### EXERCISE BRIEF
For this exercise, restate word for word only the lines from the one containing "12731 NE Clackamas" through the last line below. Pictures do not get copied.

### GIVEN MATERIAL
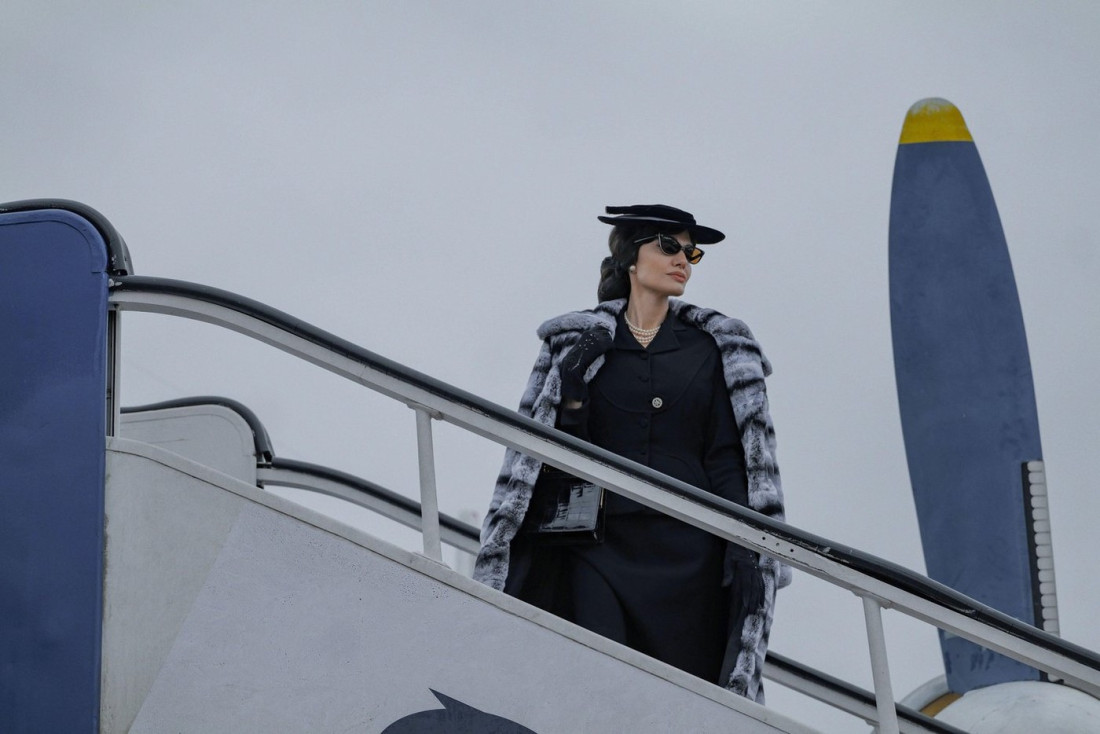 Da li Anđelina Džoli peva kao Marija Kalas? Pogledajte snimak i procenite sami (VIDEO)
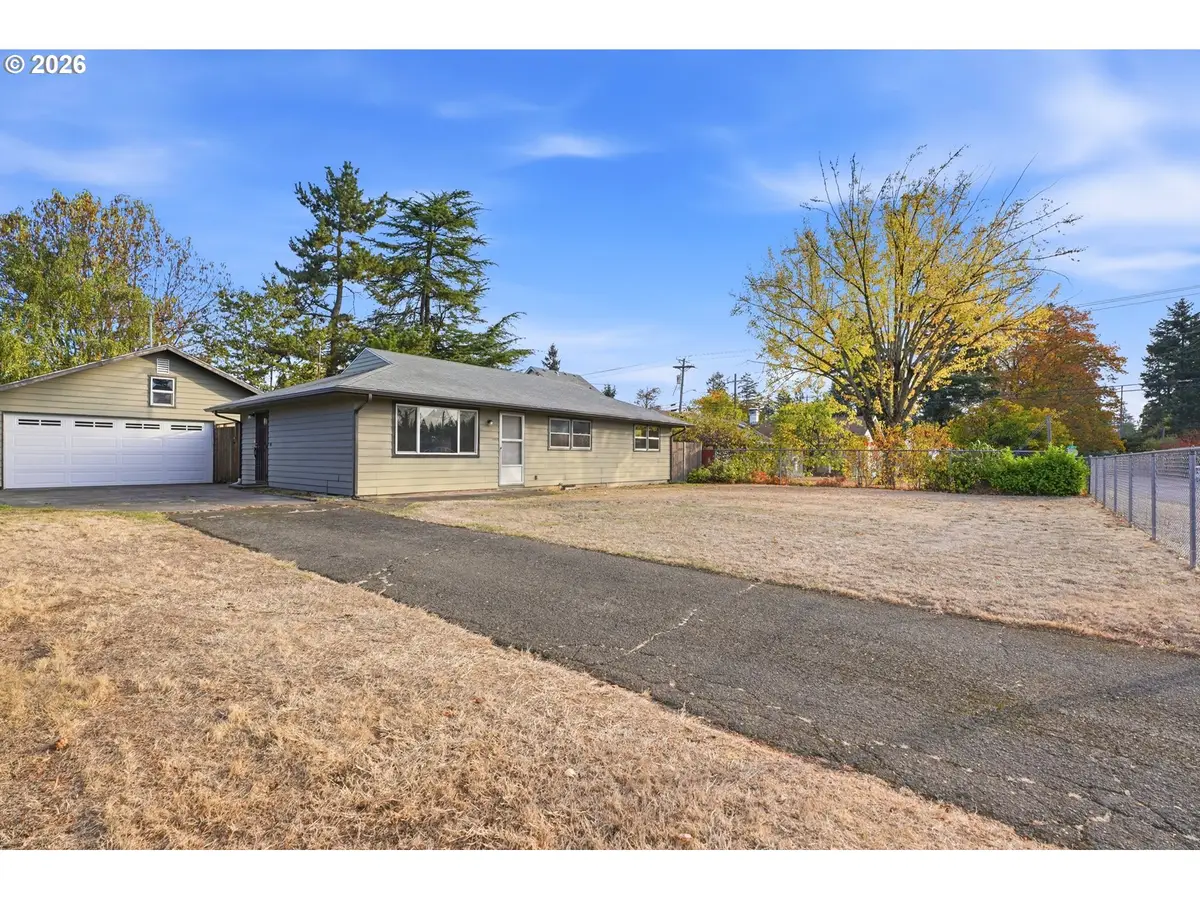 12731 NE Clackamas St, Portland, OR 97230 - #1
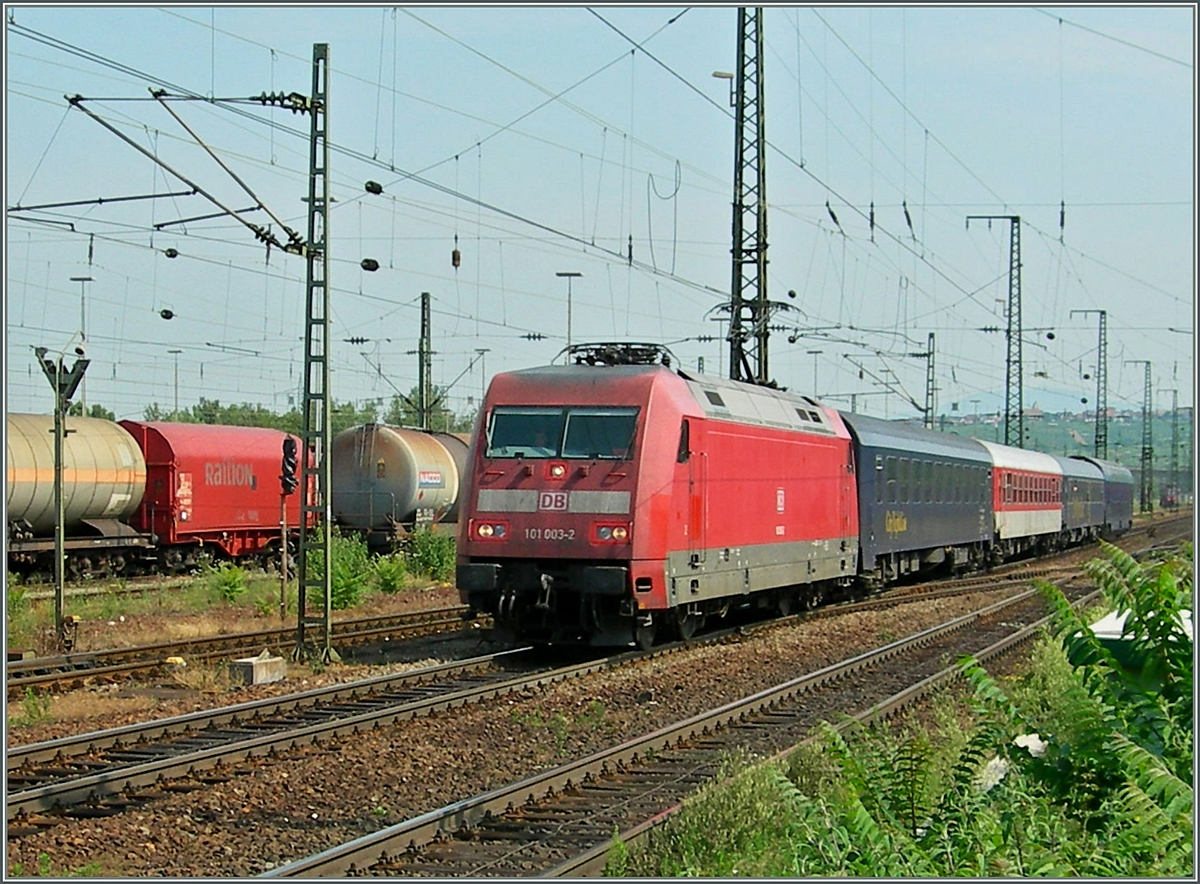 Die DB 101 003-2 erreicht mit dem CNL aus Kopenhagen Weil am Rhein, welches ohne Halt durchfahren wird.
5. Juli 2006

### RESULT FOR THIS TASK
 12731 NE Clackamas St, Portland, OR 97230 - #1
 Die DB 101 003-2 erreicht mit dem CNL aus Kopenhagen Weil am Rhein, welches ohne Halt durchfahren wird.
5. Juli 2006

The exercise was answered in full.